Sunday, April 09, 2023

'Won for Once Over the World’s Weight'

I drove past a young man in a parking lot juggling what appeared to be crescent wrenches, three or four of them, I think. I regret not stopping but I had groceries melting on the back seat. He had attracted an audience of a dozen or so. Juggling is a metaphor for everything I’m unable to do, whatever requires grace and coordination – dancing, for instance, and writing poetry. I’ve never known athletic envy. I don’t admire the guy who can catch a ball but I often wished I was the the guy on Ed Sullivan who juggled plates, spinning one on the end of a stick. The graceless-looking W.C. Fields was a gifted juggler.
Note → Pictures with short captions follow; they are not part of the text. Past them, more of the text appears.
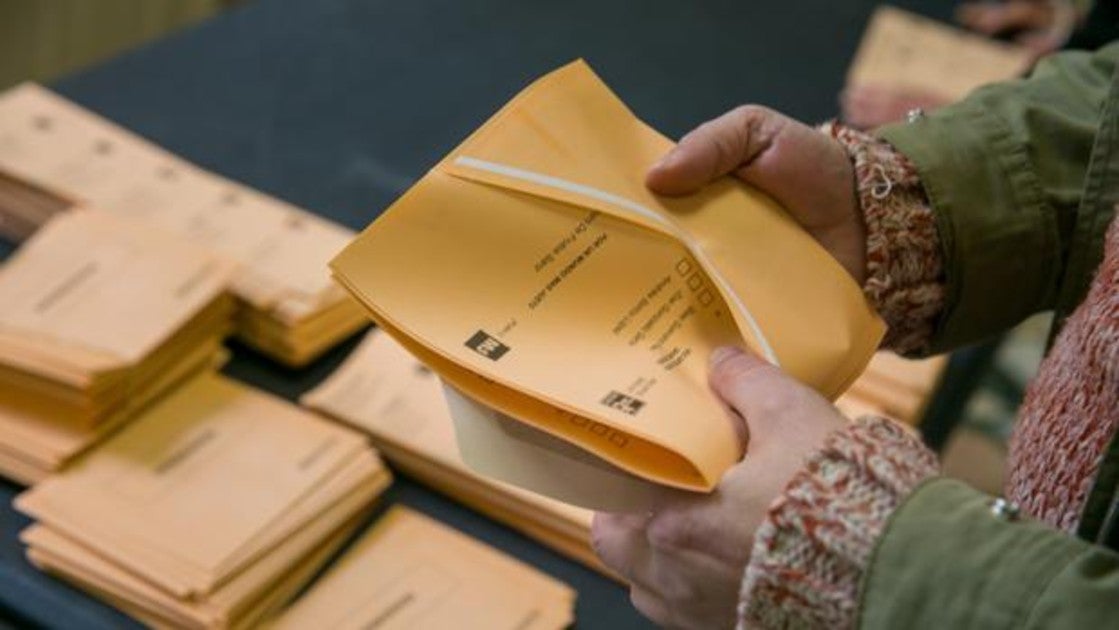 Una mujer prepara su voto en las elecciones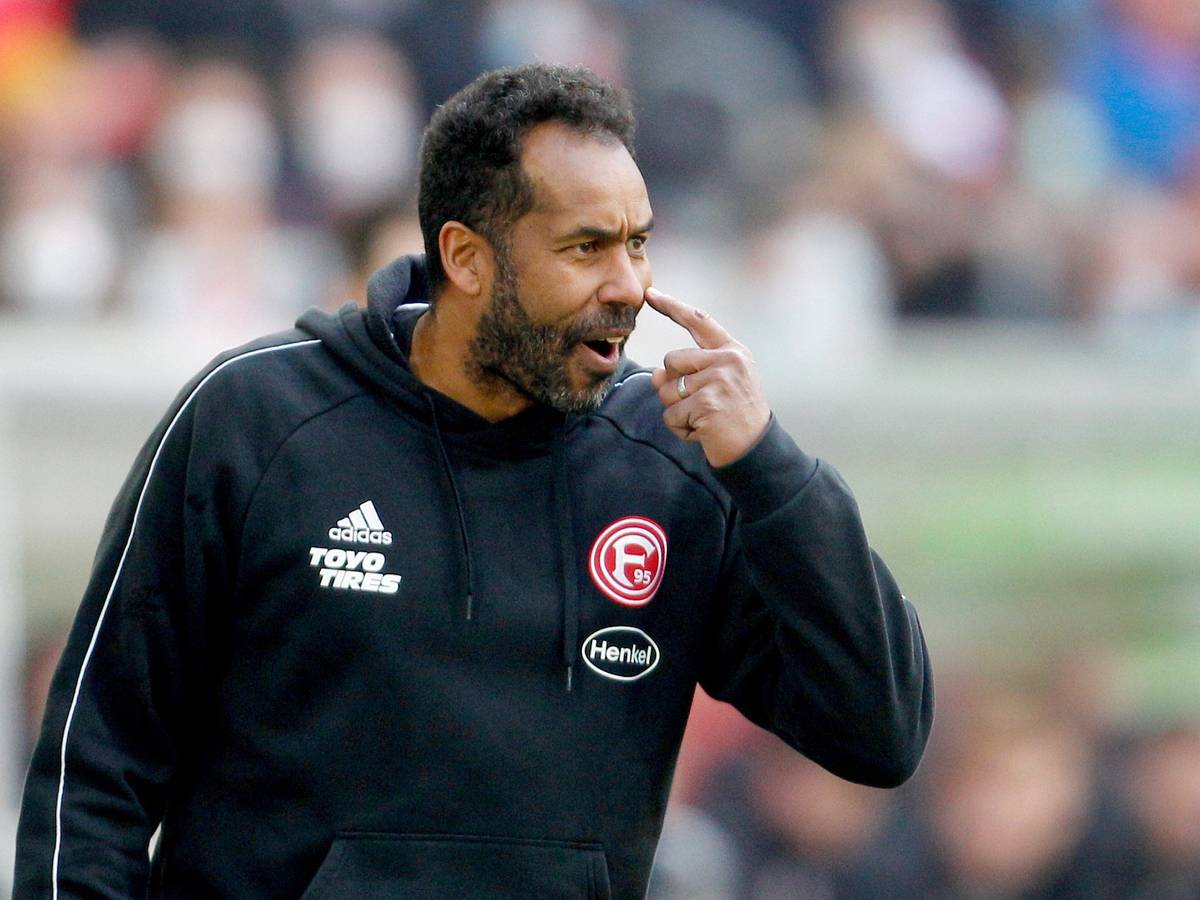 Daniel Thioune gestikuliert am Spielfeldrand
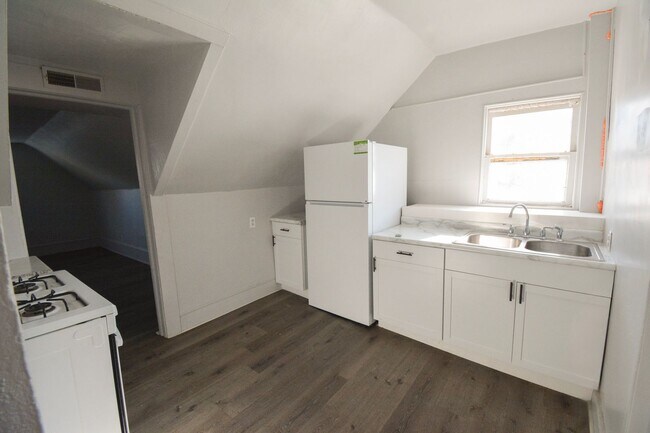 Foto del edificio - 403 4th Ave NW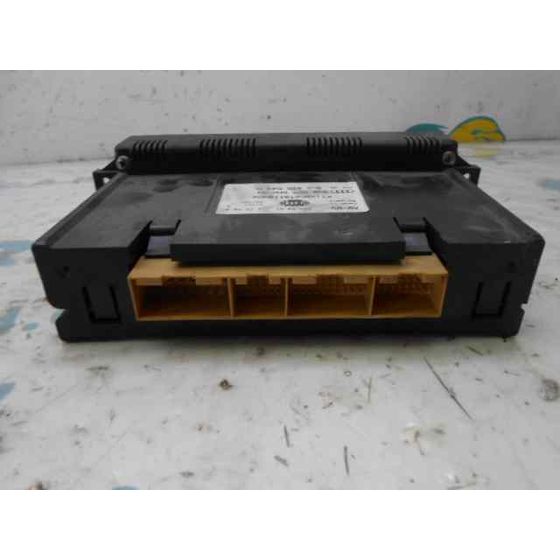 Mando Climatizador para Audi A3 (8L)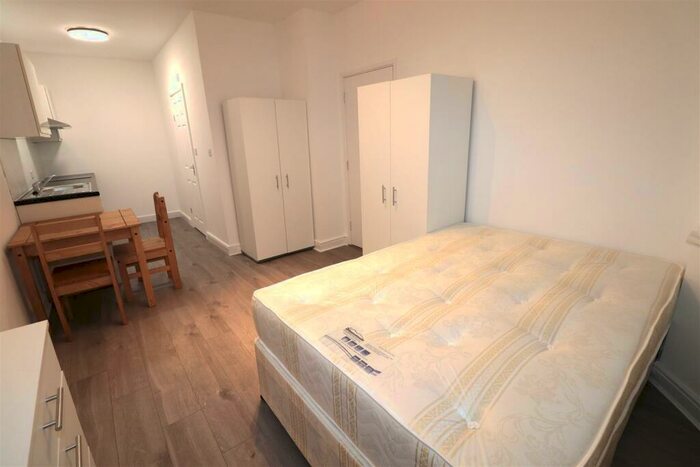 Flat To Rent In Shaftesbury Avenue, South Harrow, Harrow, HA2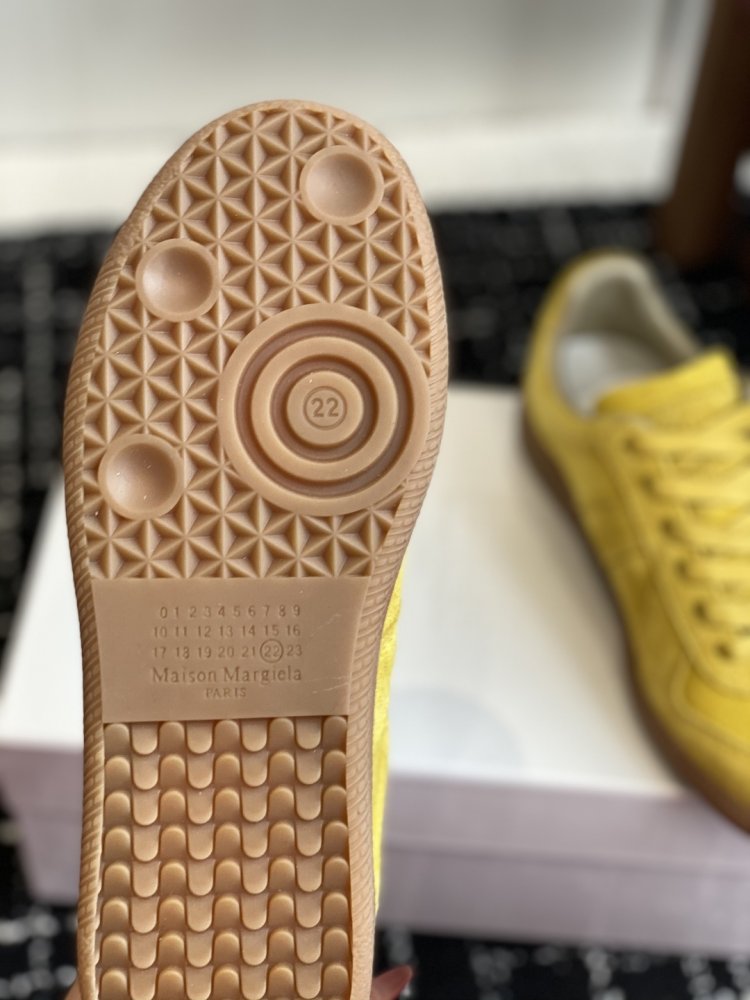 Кроссовки фото 9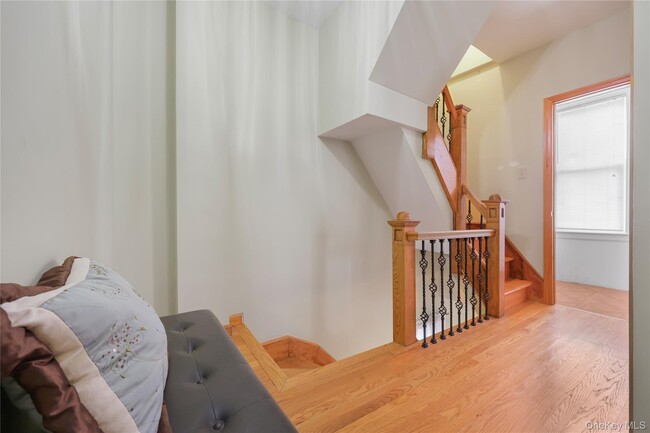 Building Photo - 29 Brookridge Ave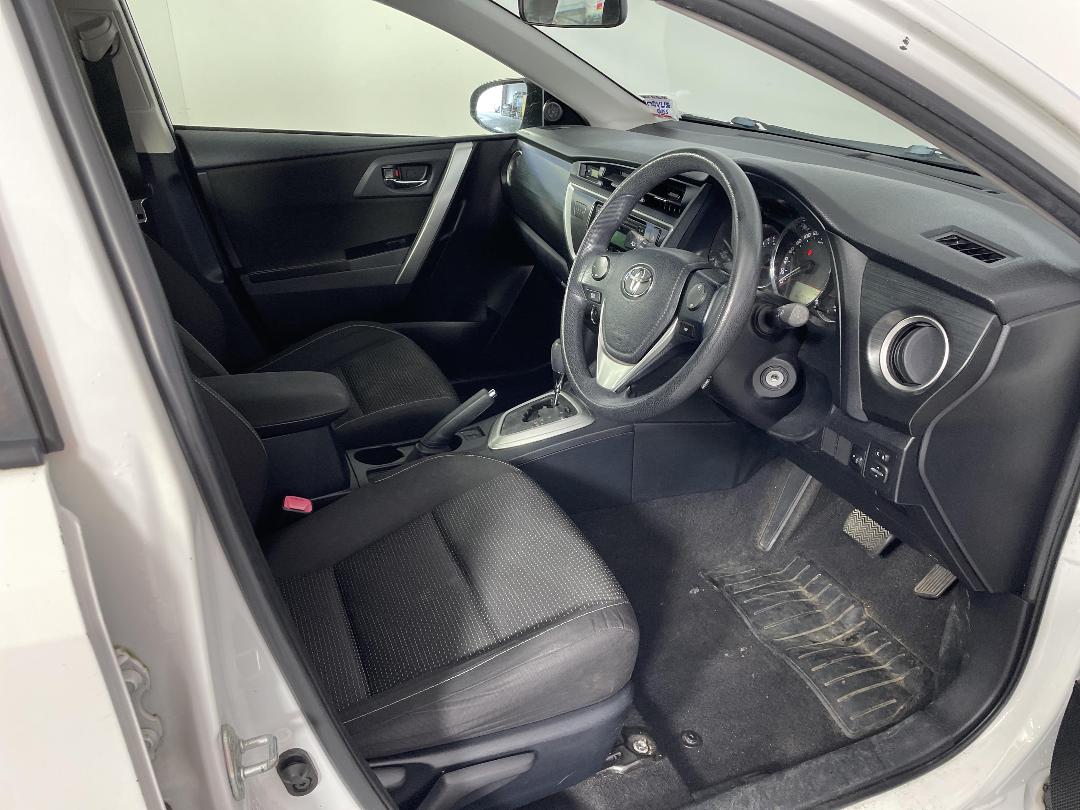 Photo '16' of Toyota Corolla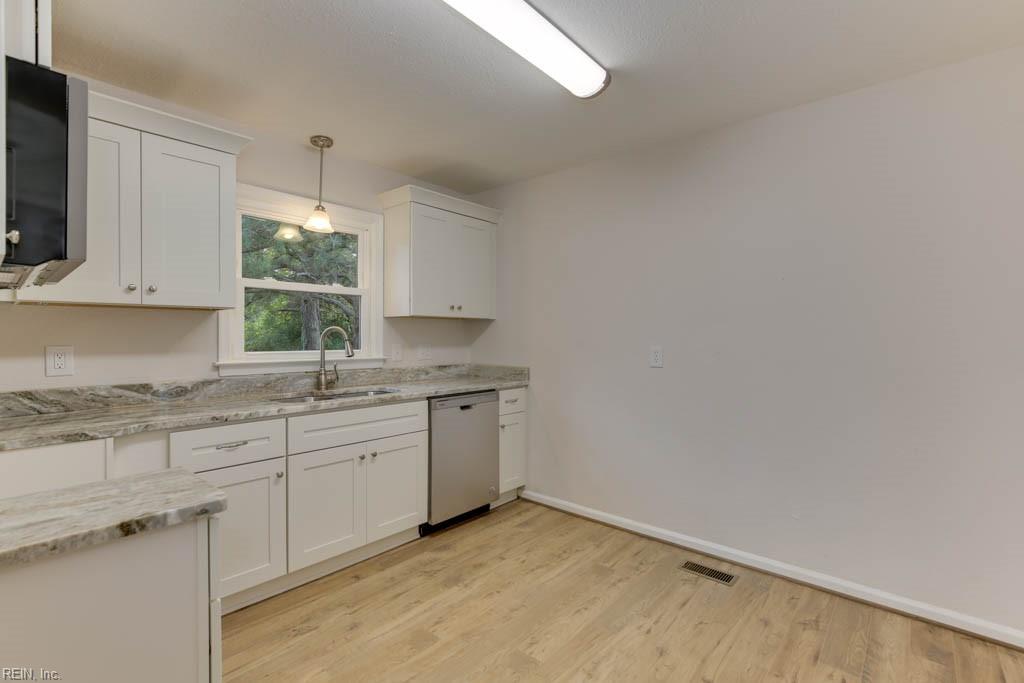 4021 Campbell RD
Joseph Epstein, I’m told, juggles. William Hazlitt celebrated “The Indian Jugglers” while acknowledging his own sense of inadequacy: 

“The hearing a speech in Parliament, drawled or stammered out by the Honourable Member or the Noble Lord, the ringing the changes on their common-places, which any one could repeat after them as well as they, stirs me not a jot, shakes not my good opinion of myself: but the seeing the Indian Jugglers does. It makes me ashamed of myself. I ask what there is that I can do as well as this! Nothing. What have I been doing all my life! Have I been idle, or have I nothing to shew for all my labour and pains! Or have I passed my time in pouring words like water into empty sieves, rolling a stone up a hill and then down again, trying to prove an argument in the teeth of facts, and looking for causes in the dark, and not finding them?”

 

Richard Wilbur closes “Juggler” (Ceremony and Other Poems, 1950) with this stanza, a tribute to the purest form of art for art’s sake:


“If the juggler is tired now, if the broom stands

In the dust again, if the table starts to drop

Through the daily dark again, and though the plate

Lies flat on the table top,

For him we batter our hands

Who has won for once over the world’s weight.”

1 comment:

Thomas Parker said...

In my 4th grade history curriculum we have a unit on the Gilded Age which talks briefly about vaudeville. I always use the opportunity to show my class the clip of Fields' juggling that you include here. Over the years, it's gotten harder to impress even ten year old kids, but after watching the Great Man balance a stick on his toe, flip it in the air, and catch the other end of the stick with his other foot, they're always suitably impressed.